The group has been working with the city Health Department and the Animal Care & Control shelters to create a citywide program that could dramatically reduce the number of animals that land in shelters.

A 2006 study suggested that doing 20,000 low-cost operations a year could reduce the number of animals coming into the shelters by 42% in the first year. That would not only save the city a lot of money in sheltering costs, but also would save a lot of lives.

So, where will the money come from? Dog licenses. If passed, a new bill would allow New York City to set up its own low-cost spay and neuter program using money from the $3 license surcharge required for unaltered dogs.

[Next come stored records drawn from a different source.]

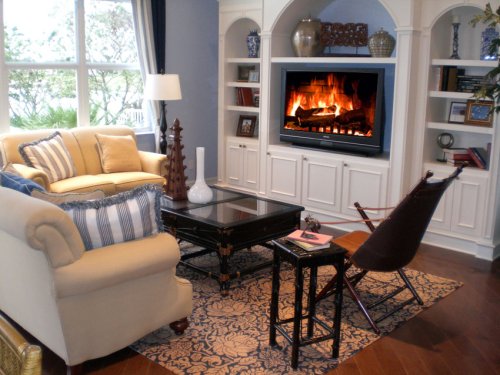 Fireplace Dvd: Real Wood Burning Fire (Anamorphic - Fullscreen Edition) #TOP5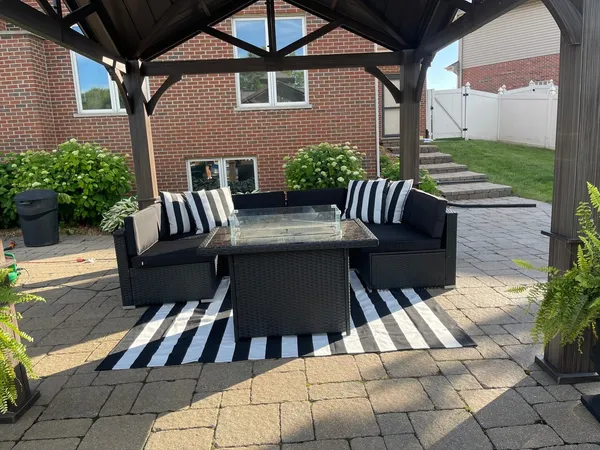 a view of outdoor space yard and patio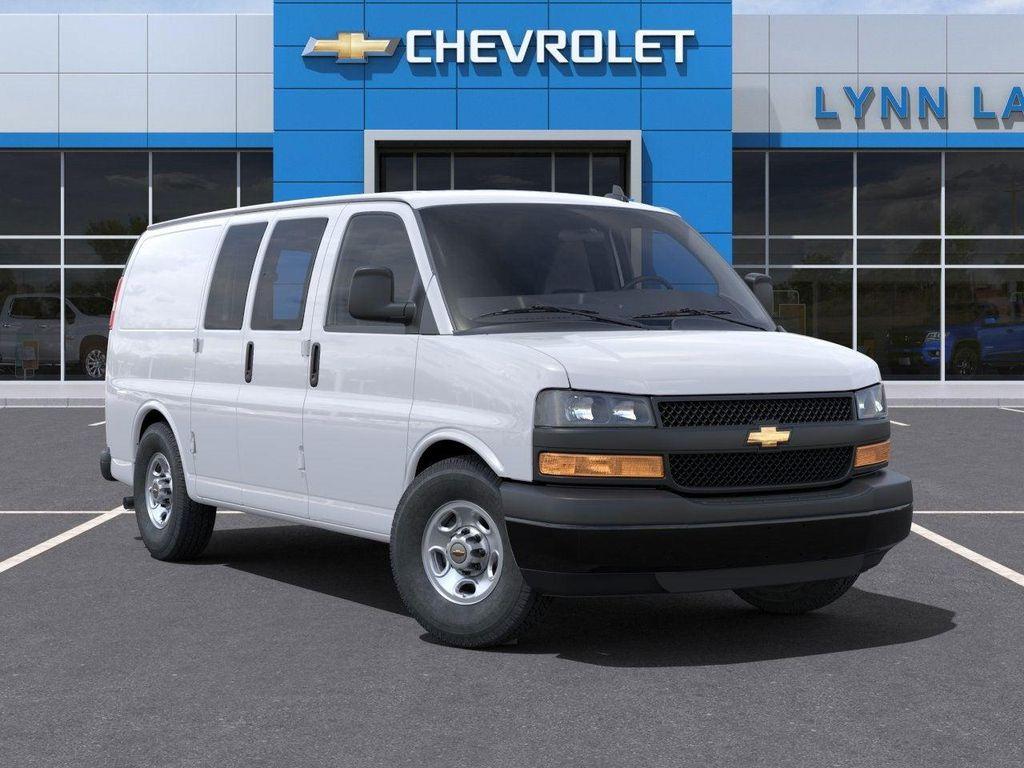 new 2025 Chevrolet Express 2500 car, priced at $46,620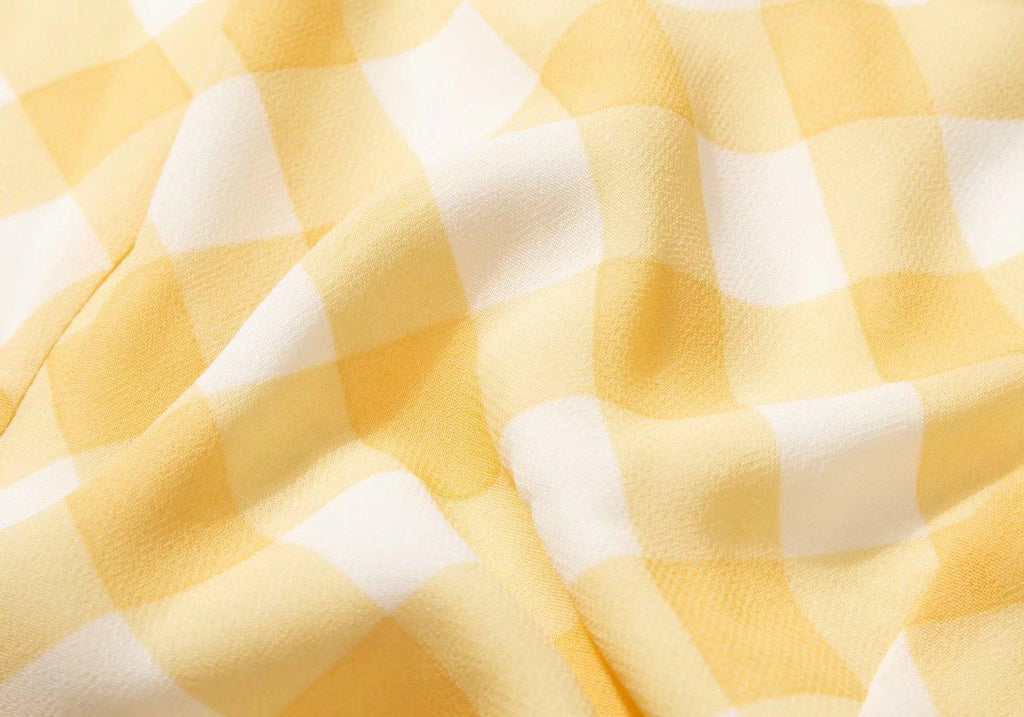 PRINTED YELLOW TOP - PRIBO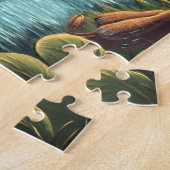 遺棄された雨 ジグソーパズル (側面)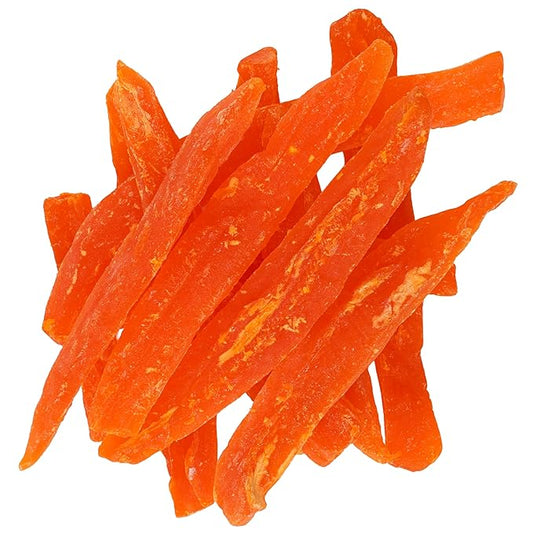 Dried Papaya Spears, 2 Pound Bag, The Hampton Popcorn & Candy Company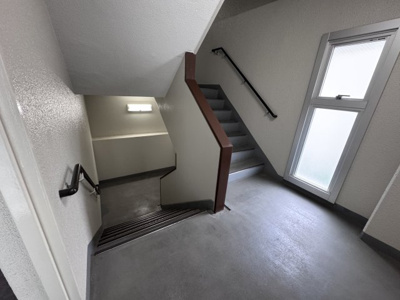 【その他共用部分】 | 東大和グリーンタウン 1号棟 | 非常階段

To date, the city Health Department has issued 29,241 dog licenses for unaltered dogs, which could generate about $10,000 - enough for more than 100 operations per month.

But the funds now go to the state-run Animal Population Control Fund, which offers spay and neuter vouchers to participating veterinarians around the state.

The bill sets up the mechanism to return those funds to city coffers, rather than being used statewide.

"It is vital that New York City receive its due share of funding from the state Animal Population Control Fund," said the bill's sponsor, Assemblywoman Linda Rosenthal.

The bill passed the Assembly in June and is ready to go for a floor vote in the Senate.

Rosenthal is urging the public to contact Senate leadership to put the bill on the agenda for the next special session.

To contact your senator, visit www...AnimalFriendlyN..YC.org.

Meanwhile, the city must continue to rely on the generosity of animal lovers.


"I love animals," Emily said. "I can't think of anything else I would want to do with the money."